At the drinks reception we attended beforehand an elderly Jewish man approached Eva and asked in a thick Central European accent "Were you Kindertransport?"... "No" she answered in her lovely Viennese sing-song accent.. "I was in Auschwitz."  At this point all I could do is just look on and apply some perspective in my life. 

Eva and I in Amsterdam this summer

The musical was performed by Youth Music Theatre UK.  The cast of 40 (with the exception of Korczak played by West End professional Peter Straker) were all aged 11 to 21 years old.  They had come from all over the UK and had worked 12 hour days for 2 weeks before hand.  The orchestra was also of the same age.

I can't describe their performance as anything other than breathtakingly good.  The energy, the quality of the singing and the music, the total complete passion that these kids put in was extraordinary.  The narrative of the actual story lost me somewhat, as did the sub-plots (such as a rather sweet love triangle) but it mattered not one bit.  The professionalism of the cast, the quality of the production and the stamina of these kids to sing and play for 2.5 hours were astounding.  The scenes were not as upsetting as might be imagined: the enduring image I have was of Korczak telling the children the story of the Pied Piper of Hamelin and that they would be entering a wonderful place: the Crystal Mountain.  They do not die at the end so much as burst into a celebration of hope, life and peace.

After the show Eva and I were able to go backstage to meet the cast.  She spoke to them of how she had been 15 herself when she was deported to Auschwitz and was lucky to have survived the intitial selection.  She had lost her father and brother in the camps.  She told them how important it was to her that they had been part of getting the story of Korczak out there, and that she hoped they would remember being part of this throughout their lives.  Several of them were in floods of tears listening to her.  She asked me to address them about my work with kids over the years visiting the camps and specifically my latest trip with students to Treblinka and Warsaw.  I wasn't expecting to do this and somewhat stumbled through it, but hey.

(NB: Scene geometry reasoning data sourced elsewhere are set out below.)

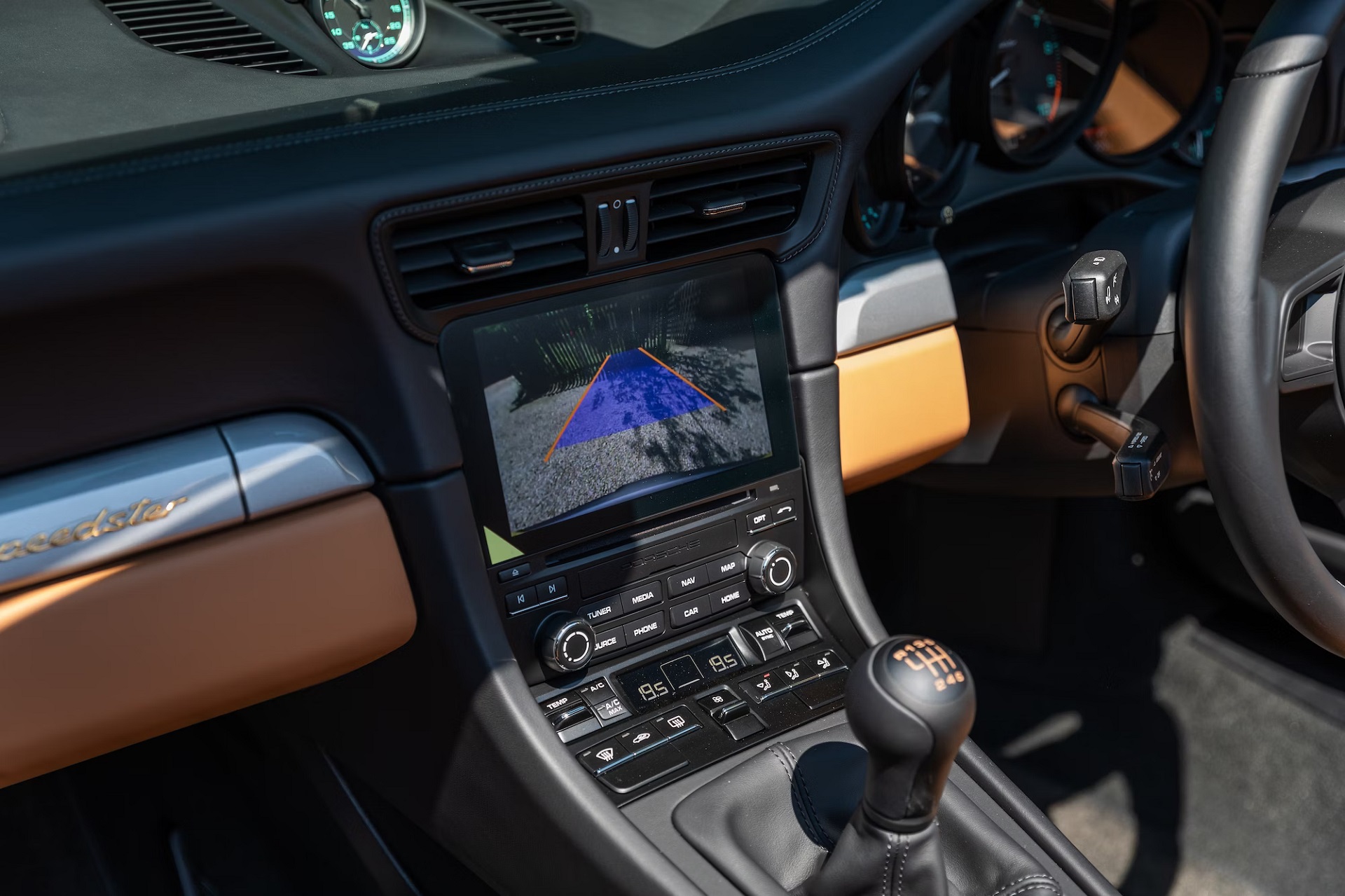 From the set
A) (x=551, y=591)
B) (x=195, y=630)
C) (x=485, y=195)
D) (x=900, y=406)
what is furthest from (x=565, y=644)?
(x=900, y=406)

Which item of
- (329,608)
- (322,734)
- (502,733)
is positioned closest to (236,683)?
(329,608)

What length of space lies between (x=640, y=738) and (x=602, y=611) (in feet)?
0.53

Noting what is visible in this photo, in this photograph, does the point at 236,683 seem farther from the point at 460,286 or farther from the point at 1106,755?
the point at 1106,755

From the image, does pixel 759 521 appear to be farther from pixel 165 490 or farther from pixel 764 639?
pixel 165 490

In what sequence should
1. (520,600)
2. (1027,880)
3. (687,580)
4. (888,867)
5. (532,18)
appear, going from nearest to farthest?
1. (888,867)
2. (1027,880)
3. (520,600)
4. (687,580)
5. (532,18)

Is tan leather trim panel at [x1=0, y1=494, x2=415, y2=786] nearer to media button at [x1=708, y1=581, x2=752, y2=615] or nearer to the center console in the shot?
→ the center console

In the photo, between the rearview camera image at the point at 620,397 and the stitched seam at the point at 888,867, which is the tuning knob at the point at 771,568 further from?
the stitched seam at the point at 888,867

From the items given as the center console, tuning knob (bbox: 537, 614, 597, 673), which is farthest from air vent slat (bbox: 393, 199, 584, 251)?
tuning knob (bbox: 537, 614, 597, 673)

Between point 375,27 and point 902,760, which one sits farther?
point 375,27

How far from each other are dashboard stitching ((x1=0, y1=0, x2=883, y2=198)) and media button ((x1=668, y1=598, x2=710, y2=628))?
634mm

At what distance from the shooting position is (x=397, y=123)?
1.24m

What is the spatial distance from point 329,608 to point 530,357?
0.35 meters

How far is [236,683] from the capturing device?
4.08 feet

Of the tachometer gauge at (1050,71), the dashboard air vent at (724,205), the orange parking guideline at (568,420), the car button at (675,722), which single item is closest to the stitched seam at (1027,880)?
the car button at (675,722) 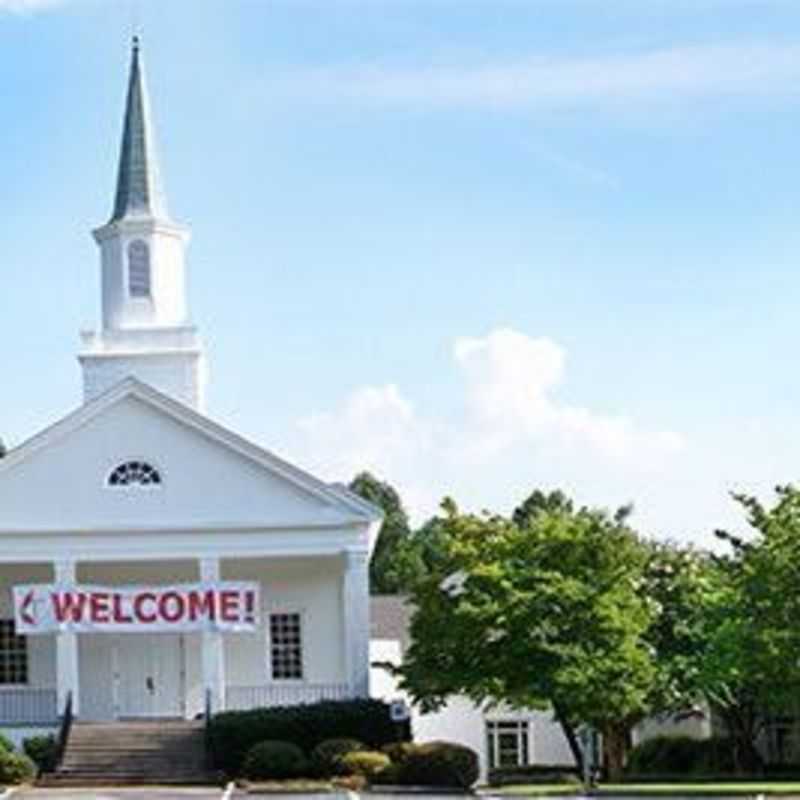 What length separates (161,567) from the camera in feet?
169

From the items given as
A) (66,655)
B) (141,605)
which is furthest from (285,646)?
(66,655)

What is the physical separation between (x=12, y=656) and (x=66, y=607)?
4136 millimetres

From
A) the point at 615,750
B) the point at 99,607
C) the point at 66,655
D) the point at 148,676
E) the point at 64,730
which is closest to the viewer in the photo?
the point at 64,730

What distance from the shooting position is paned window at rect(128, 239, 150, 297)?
5456cm

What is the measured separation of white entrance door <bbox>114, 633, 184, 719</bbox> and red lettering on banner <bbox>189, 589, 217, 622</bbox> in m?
2.83

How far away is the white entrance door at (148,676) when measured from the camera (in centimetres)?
5125

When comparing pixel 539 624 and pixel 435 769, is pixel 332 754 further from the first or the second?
pixel 539 624

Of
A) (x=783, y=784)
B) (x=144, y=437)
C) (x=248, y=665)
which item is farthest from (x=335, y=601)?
(x=783, y=784)

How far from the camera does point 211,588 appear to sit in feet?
159

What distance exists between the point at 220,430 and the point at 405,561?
58306mm

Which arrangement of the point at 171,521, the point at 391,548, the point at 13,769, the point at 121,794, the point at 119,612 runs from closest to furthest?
the point at 121,794 < the point at 13,769 < the point at 119,612 < the point at 171,521 < the point at 391,548

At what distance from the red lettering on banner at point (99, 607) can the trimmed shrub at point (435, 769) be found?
28.5ft

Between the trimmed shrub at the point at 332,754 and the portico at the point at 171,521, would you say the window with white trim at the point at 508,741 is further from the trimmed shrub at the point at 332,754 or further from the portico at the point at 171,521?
the trimmed shrub at the point at 332,754

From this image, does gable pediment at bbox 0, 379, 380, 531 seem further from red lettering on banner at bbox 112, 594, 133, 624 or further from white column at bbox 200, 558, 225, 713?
red lettering on banner at bbox 112, 594, 133, 624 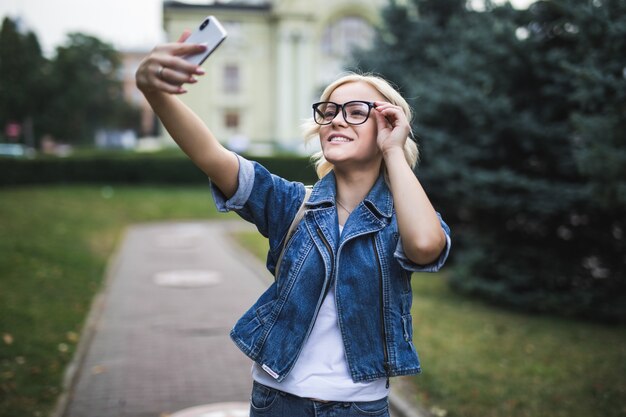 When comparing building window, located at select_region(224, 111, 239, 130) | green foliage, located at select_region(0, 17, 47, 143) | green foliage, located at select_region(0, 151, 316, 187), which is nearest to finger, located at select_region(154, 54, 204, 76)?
green foliage, located at select_region(0, 17, 47, 143)

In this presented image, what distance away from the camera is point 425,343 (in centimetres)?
674

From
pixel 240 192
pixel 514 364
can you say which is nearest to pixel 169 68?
pixel 240 192

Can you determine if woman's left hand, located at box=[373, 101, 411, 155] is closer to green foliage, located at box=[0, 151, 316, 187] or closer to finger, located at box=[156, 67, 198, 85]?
finger, located at box=[156, 67, 198, 85]

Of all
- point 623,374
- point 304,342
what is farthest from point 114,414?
point 623,374

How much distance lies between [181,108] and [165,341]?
5464 millimetres

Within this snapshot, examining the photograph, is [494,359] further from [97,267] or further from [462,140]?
[97,267]

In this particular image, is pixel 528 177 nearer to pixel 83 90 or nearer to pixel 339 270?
pixel 339 270

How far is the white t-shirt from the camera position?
2.13m

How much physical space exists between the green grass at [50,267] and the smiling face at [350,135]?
3680 millimetres

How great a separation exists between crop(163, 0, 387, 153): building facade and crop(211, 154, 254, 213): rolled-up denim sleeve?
1615 inches

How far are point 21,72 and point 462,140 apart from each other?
23.7 meters

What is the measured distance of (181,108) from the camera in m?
1.93

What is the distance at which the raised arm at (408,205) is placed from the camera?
6.50 feet

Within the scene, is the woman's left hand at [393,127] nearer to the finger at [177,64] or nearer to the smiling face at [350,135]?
the smiling face at [350,135] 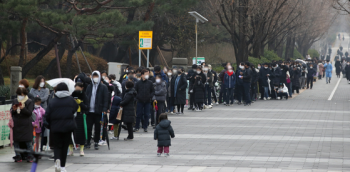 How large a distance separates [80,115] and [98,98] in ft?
1.67

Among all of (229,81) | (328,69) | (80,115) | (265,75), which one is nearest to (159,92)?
(80,115)

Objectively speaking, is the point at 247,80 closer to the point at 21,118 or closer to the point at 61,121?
the point at 21,118

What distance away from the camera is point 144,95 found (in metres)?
12.7

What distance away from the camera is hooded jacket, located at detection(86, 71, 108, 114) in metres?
10.1

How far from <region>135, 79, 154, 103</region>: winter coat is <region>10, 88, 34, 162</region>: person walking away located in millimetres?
4161

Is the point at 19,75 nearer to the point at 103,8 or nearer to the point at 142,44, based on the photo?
the point at 142,44

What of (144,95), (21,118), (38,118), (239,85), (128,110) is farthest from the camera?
(239,85)

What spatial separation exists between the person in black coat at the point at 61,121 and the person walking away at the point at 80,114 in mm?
1300

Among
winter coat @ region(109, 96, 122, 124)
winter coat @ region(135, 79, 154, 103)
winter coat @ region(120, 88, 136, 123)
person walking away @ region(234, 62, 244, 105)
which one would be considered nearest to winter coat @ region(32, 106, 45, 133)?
winter coat @ region(109, 96, 122, 124)

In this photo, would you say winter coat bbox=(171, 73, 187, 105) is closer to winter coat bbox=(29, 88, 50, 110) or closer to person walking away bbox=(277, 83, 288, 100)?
winter coat bbox=(29, 88, 50, 110)

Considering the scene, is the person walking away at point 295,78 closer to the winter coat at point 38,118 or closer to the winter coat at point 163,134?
the winter coat at point 163,134

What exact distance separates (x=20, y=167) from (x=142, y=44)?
31.6 feet

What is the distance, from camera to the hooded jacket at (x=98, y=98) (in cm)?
1005

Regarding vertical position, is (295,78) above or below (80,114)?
above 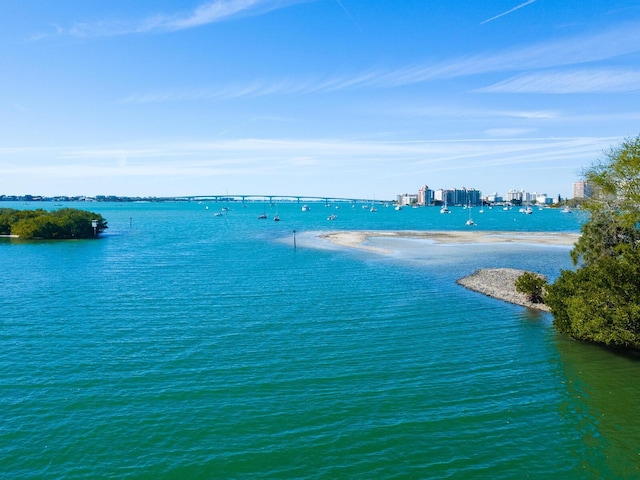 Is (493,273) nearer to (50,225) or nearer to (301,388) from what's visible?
(301,388)

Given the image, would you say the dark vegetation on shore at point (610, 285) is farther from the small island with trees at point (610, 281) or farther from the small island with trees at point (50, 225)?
Answer: the small island with trees at point (50, 225)

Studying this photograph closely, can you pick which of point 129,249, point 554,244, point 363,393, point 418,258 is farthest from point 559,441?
point 554,244

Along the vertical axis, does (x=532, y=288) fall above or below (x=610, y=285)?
below

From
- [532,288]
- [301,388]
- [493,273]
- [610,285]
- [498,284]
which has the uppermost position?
[610,285]

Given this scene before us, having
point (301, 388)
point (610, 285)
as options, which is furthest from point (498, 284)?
point (301, 388)

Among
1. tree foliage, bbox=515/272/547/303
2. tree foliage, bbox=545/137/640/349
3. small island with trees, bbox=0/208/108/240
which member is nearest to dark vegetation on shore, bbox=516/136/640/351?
tree foliage, bbox=545/137/640/349

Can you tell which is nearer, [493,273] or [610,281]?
[610,281]

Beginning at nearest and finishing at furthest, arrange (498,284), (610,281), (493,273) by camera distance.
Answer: (610,281) → (498,284) → (493,273) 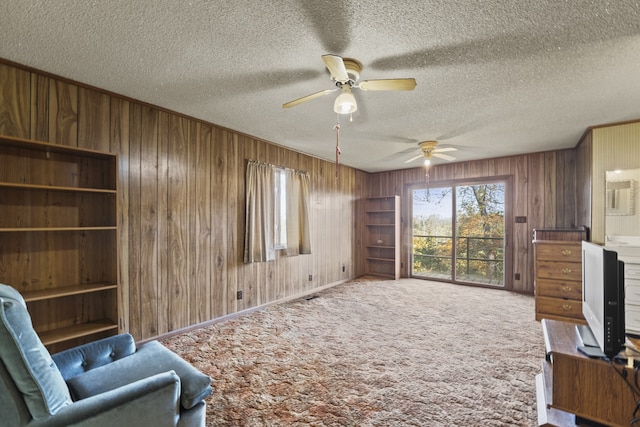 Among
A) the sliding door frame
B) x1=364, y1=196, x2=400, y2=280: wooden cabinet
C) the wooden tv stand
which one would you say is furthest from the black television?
x1=364, y1=196, x2=400, y2=280: wooden cabinet

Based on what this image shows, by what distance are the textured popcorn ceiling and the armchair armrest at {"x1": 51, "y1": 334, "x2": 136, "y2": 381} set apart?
1932 millimetres

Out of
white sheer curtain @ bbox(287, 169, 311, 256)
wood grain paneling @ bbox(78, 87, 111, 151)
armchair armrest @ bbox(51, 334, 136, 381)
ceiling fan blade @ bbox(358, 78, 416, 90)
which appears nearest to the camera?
armchair armrest @ bbox(51, 334, 136, 381)

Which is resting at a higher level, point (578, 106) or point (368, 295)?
point (578, 106)

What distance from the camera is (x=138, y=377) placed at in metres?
1.49

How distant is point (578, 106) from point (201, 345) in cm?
451

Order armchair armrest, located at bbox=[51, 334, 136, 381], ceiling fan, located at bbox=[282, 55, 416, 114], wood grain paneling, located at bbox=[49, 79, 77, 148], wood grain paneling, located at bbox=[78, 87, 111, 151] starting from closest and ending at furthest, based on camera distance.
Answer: armchair armrest, located at bbox=[51, 334, 136, 381] → ceiling fan, located at bbox=[282, 55, 416, 114] → wood grain paneling, located at bbox=[49, 79, 77, 148] → wood grain paneling, located at bbox=[78, 87, 111, 151]

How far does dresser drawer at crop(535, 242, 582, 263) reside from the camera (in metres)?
3.29

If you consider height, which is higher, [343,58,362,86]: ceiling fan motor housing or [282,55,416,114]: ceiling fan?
[343,58,362,86]: ceiling fan motor housing

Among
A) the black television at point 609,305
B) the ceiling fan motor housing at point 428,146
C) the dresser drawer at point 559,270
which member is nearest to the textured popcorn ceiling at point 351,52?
the ceiling fan motor housing at point 428,146

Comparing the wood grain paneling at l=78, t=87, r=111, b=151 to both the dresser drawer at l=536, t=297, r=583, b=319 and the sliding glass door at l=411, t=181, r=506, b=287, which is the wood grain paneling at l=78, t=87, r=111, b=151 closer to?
the dresser drawer at l=536, t=297, r=583, b=319

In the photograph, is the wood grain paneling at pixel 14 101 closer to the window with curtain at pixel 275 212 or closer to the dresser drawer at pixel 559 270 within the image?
the window with curtain at pixel 275 212

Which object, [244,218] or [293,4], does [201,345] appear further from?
[293,4]

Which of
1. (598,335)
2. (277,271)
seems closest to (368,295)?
(277,271)

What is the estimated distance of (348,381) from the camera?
2186 mm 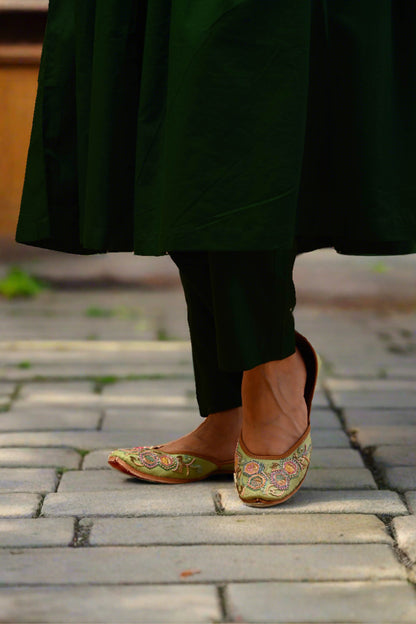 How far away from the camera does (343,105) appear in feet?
5.64

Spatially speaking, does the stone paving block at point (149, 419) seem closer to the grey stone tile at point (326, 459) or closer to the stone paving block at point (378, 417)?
the grey stone tile at point (326, 459)

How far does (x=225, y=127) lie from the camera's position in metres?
1.60

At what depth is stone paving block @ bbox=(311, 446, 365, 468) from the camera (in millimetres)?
2123

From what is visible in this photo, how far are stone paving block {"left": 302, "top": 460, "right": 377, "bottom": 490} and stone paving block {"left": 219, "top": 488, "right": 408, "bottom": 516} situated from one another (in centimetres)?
4

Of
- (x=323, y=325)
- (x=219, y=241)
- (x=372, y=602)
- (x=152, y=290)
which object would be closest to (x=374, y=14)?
(x=219, y=241)

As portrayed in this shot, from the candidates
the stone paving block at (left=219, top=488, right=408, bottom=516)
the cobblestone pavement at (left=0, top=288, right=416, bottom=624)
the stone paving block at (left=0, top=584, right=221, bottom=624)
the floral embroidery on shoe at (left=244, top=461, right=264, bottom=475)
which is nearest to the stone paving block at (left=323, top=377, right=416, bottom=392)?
the cobblestone pavement at (left=0, top=288, right=416, bottom=624)

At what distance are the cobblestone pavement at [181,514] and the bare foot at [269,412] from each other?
12 cm

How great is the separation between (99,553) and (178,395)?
4.19 ft

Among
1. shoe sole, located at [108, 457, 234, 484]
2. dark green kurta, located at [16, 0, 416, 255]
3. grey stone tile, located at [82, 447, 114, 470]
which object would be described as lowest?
grey stone tile, located at [82, 447, 114, 470]

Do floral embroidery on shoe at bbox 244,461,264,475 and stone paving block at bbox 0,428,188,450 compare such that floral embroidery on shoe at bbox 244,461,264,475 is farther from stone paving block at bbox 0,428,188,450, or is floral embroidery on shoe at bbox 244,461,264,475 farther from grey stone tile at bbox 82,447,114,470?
stone paving block at bbox 0,428,188,450

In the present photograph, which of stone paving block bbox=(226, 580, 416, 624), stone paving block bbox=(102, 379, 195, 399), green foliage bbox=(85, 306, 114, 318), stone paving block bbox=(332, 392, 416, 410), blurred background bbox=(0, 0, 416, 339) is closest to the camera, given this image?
stone paving block bbox=(226, 580, 416, 624)

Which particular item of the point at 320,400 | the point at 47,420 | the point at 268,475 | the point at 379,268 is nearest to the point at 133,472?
the point at 268,475

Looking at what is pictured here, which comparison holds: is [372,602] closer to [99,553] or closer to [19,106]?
[99,553]

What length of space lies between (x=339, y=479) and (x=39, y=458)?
0.66 metres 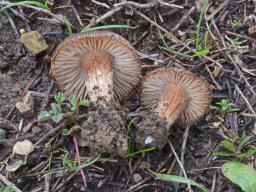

It is endlessly difficult to envisage the victims of the holocaust as individuals.  There is no holocaust: there are in fact six million different individual holocausts.  Seeing these children singing and acting at the Rose Theatre had such an effect on me.  It somehow made me realise far more properly that the 192 orphans were actual young people, like these kids we met: living beings with hopes, fears, aspirations.  The vulnerability of the young and the role of adults in protecting and inspiring them came through so strongly.  The performance is billed as the "The triumph of hope over death, ... music theatre at its best".  How to explain: it was just exactly that.

The performers have been brought together by a remarkable organisation.  YMT is the UK's leading national music theatre company for young people.  They work with hundreds of young people each year, and if this production is anything to go by, they do a sterling job of it.  I really do hope they will be able to put this piece on again in time.  The current show ends tonight, 3 September.  If you are free tonight and can get to Kingston, ring the box office and just go.  I so strongly recommend it.  If not, watch their other work.  I shall be.

Korczak Memorial, Warsaw

Janusz Korczak wrote: "What should we do when everyone acts less than human? We must act more than human."